With the aid of this concept, strictly positive and scientific, Marx triumphantly overthrew, on the one hand classical economic science, taken prisoner by its own notion of a petrified society, and on the other the philosophy of law and idealist socialism which were convinced that it was possible to mould the world in accordance with the arbitrary conceptions of the thinker. Looked at in this light, the work of Marx presents a new instrument for the use of the philosophy of history and for the use of sociology; and it has contributed no less powerfully to the advance of technological science, thanks to the writer's masterly investigation into the successive forms of the technical instrument of productive machinery. In this respect more than in any others Marx may be compared with Darwin, and may indeed be spoken of as the Darwin of technology: for no one has ever had a profounder knowledge than Marx of the structural development of the industrial mechanism, no one else has followed step by step the formation and upward elaboration of productive technique; just as Darwin, with invincible mental energy, traced the evolution of animal technique, the development of the functional apparatus of organised beings.

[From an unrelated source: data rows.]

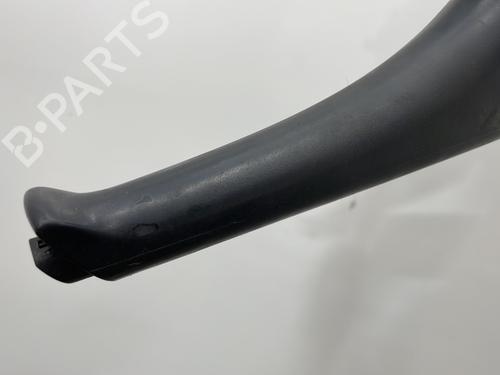 Used Hand brake Hand brake MERCEDES-BENZ SPRINTER 3,5-t Van (B906) 313 CDI (906.631, 906.633, 906.635, 906.637) (129 hp) 26965095 26965095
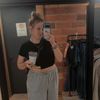 joz_rich05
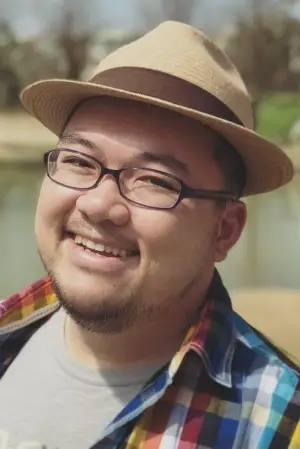 Фото  (Soso Tseng) #374944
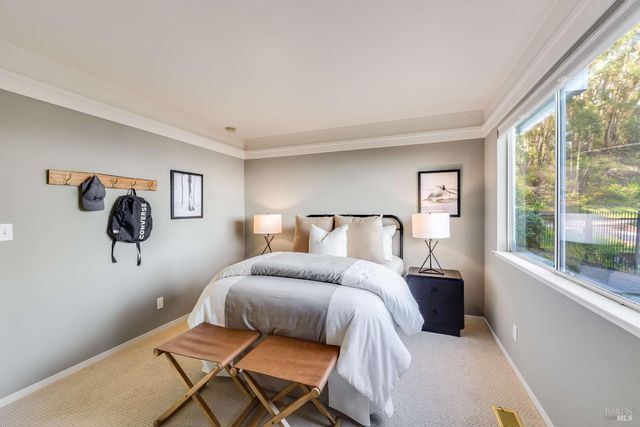 1820 Point San Pedro Rd, San Rafael, CA 94901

This physiology of industry, which is now the least studied and least appreciated of Marx's scientific labours, nevertheless constitutes his most considerable and most enduring contribution to science. Noteworthy, in especial, and destined to form a permanent and integral part of the economic science of the world, are Marx's analyses of money, credit, the circulation of capital, poverty, primitive accumulation, not to speak of the historico-critical investigations into the work of the British classical economists—for here Marx, without prejudice to the merits of those who have fought honourably in this difficult arena, will ever remain the most brilliant and most profound commentator. For these mighty and noble contributions, his name will be inscribed in imperishable letters in the history of creative thought.
But if his sociological, historical, and technological investigations, if his studies of money, the banking system, and industrial statistics, be so many intellectual jewels of which no praise can be excessive, it is none the less true that his fundamental economic theory is essentially vitiated and sophistical, and that he is himself responsible for reducing it to hopeless absurdity. We arrive, therefore, at this remarkable result: that Marx, whose primary aim it was to be a theorist of political economy, and to deal only in subsidiary fashion with the philosophy of history and technology, secured a triumphant success in these subordinate fields; whereas in respect of the fundamental object of his thought, his work was a complete failure.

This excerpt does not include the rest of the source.